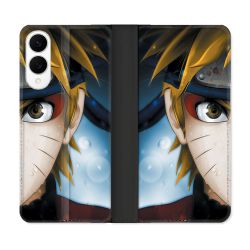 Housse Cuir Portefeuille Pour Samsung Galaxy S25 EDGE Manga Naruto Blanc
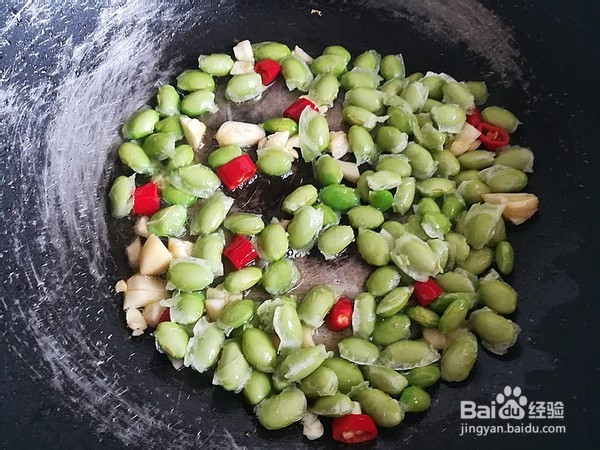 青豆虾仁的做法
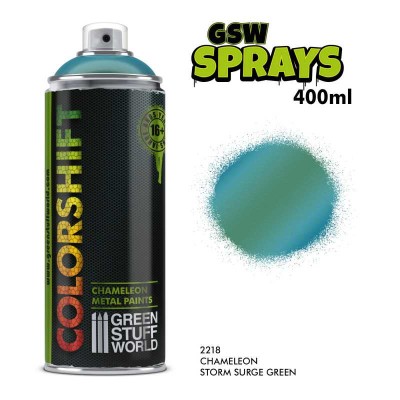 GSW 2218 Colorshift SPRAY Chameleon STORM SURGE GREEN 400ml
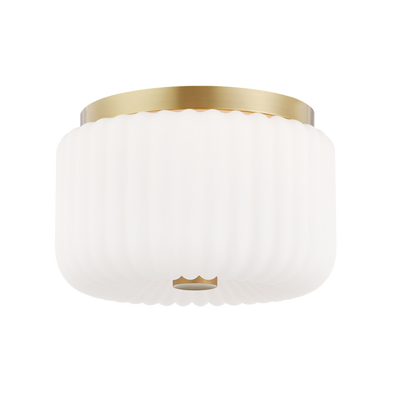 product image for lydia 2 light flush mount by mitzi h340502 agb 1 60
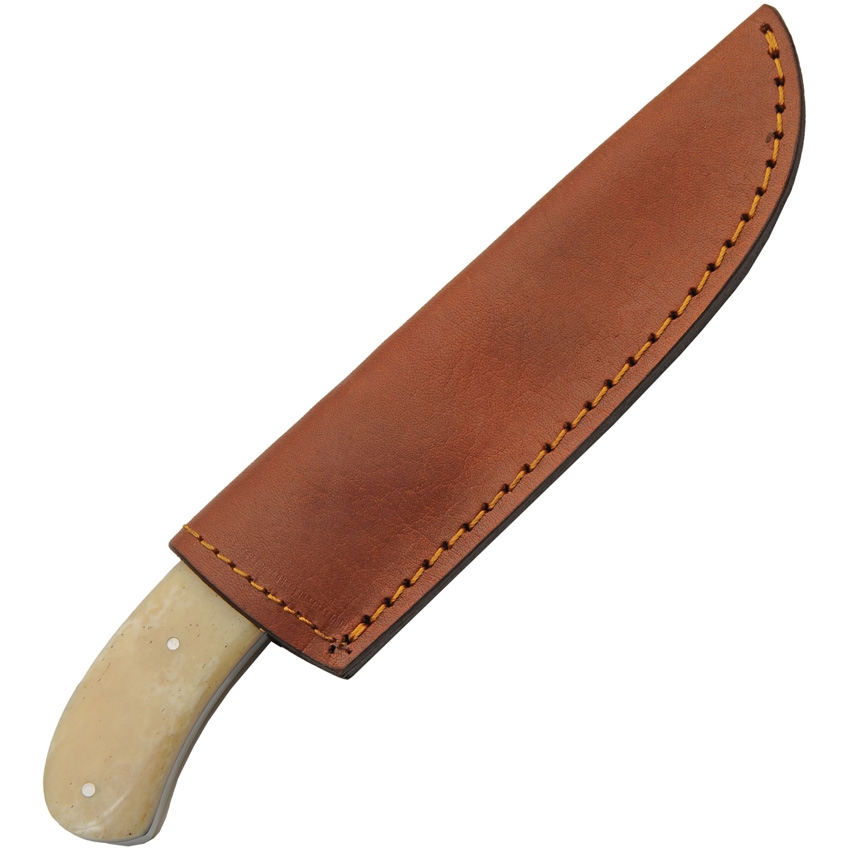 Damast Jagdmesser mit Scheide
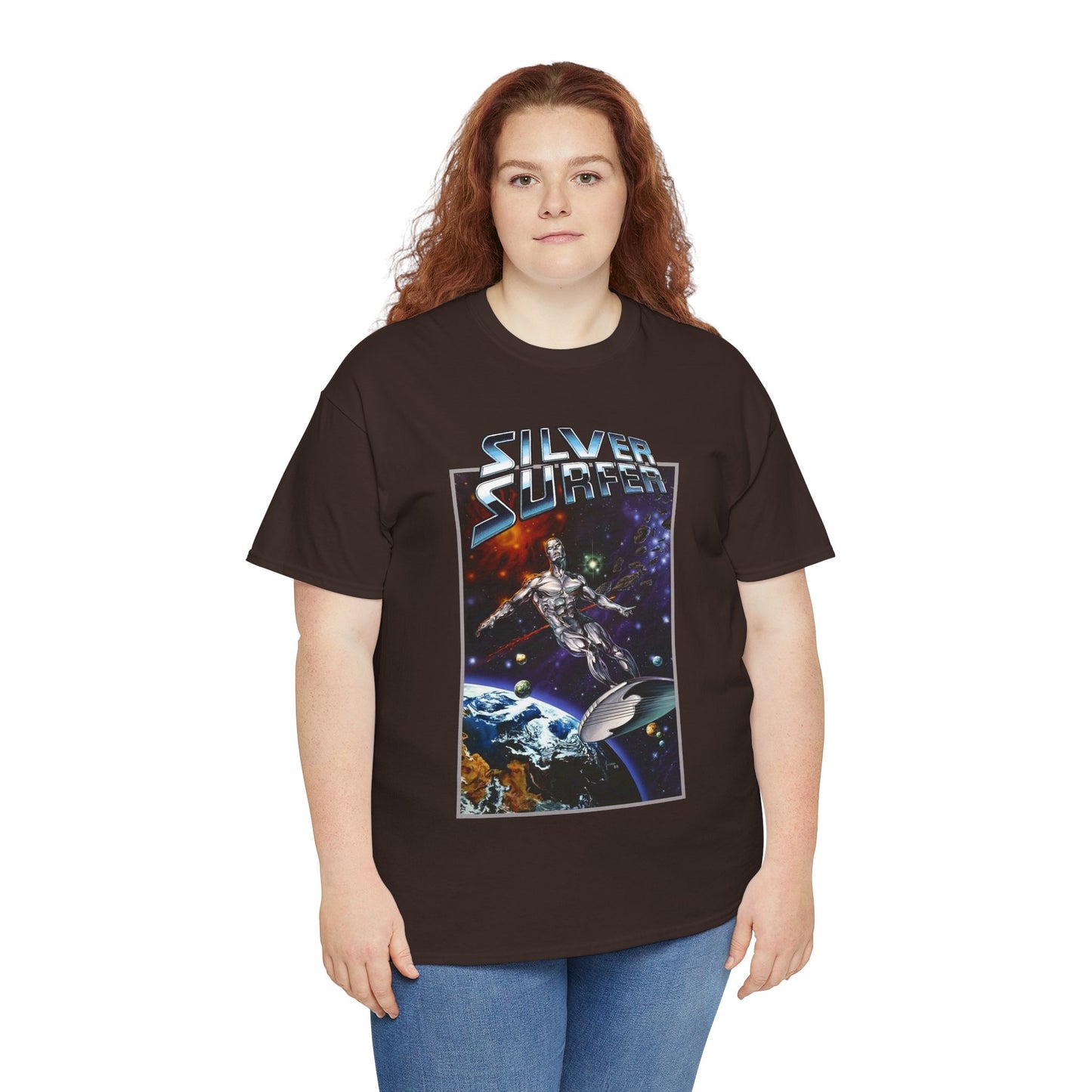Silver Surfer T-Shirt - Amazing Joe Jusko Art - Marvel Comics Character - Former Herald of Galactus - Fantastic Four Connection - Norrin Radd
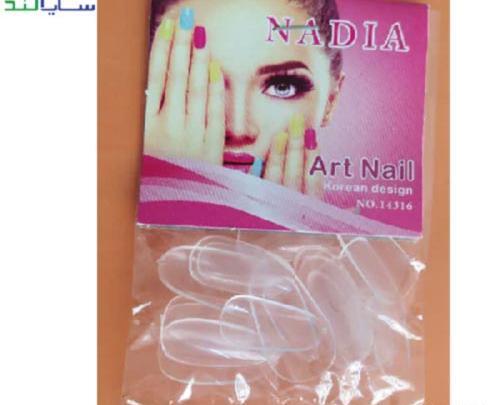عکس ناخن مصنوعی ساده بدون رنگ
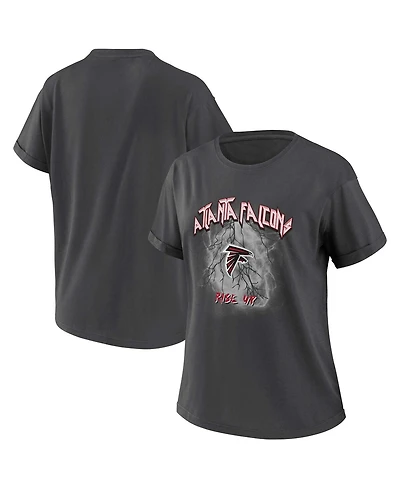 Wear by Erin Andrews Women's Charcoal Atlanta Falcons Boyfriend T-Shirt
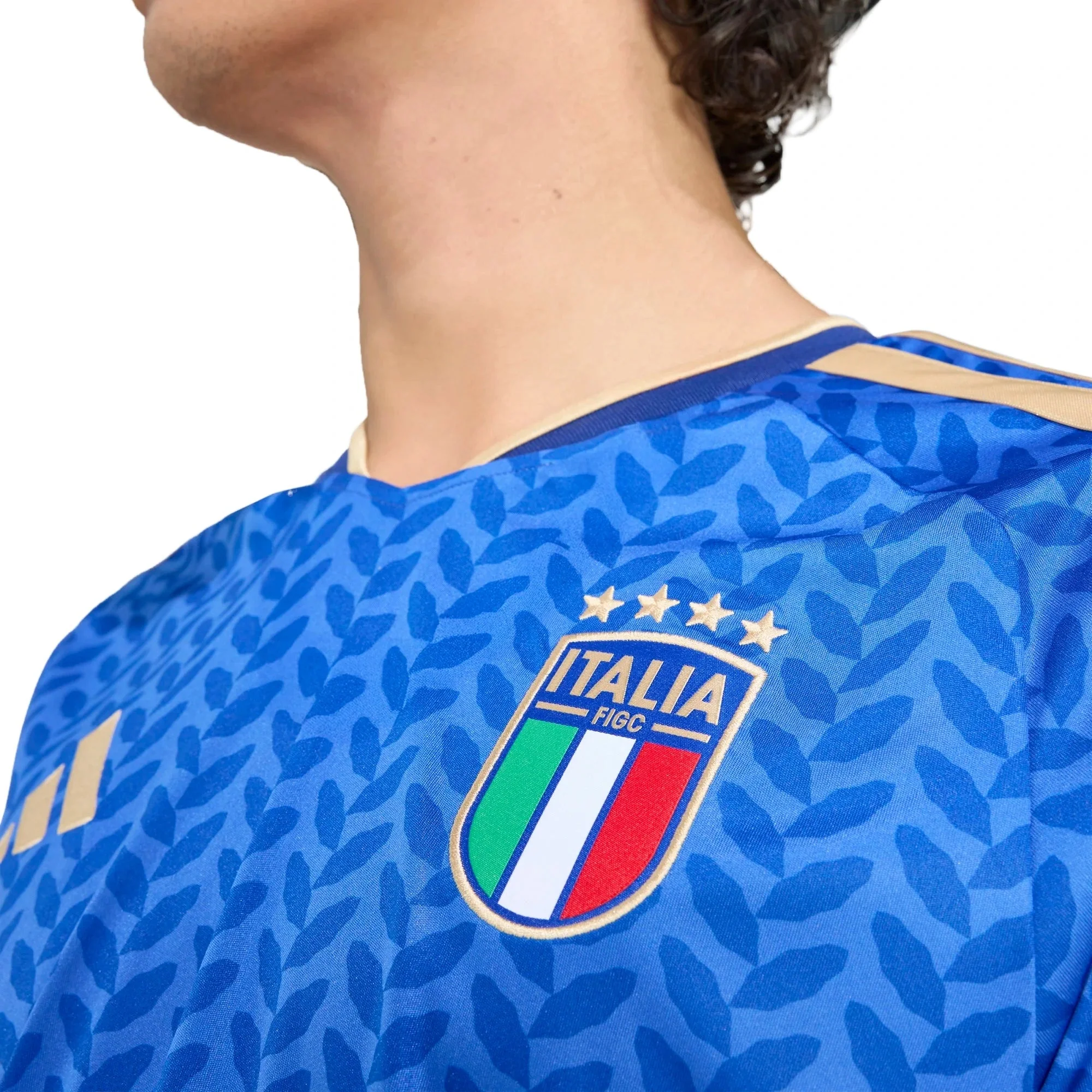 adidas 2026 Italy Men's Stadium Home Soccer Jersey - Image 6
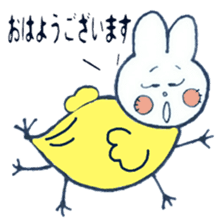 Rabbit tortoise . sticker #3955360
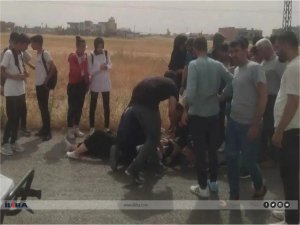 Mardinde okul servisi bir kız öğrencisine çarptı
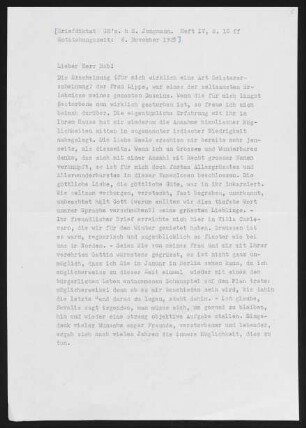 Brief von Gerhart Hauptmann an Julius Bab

....

Please, leaving out all pictures, transcribe exactly the lines above from the one containing "Mardinde okul servisi" through the final line, both included.

 Mardinde okul servisi bir kız öğrencisine çarptı
 Brief von Gerhart Hauptmann an Julius Bab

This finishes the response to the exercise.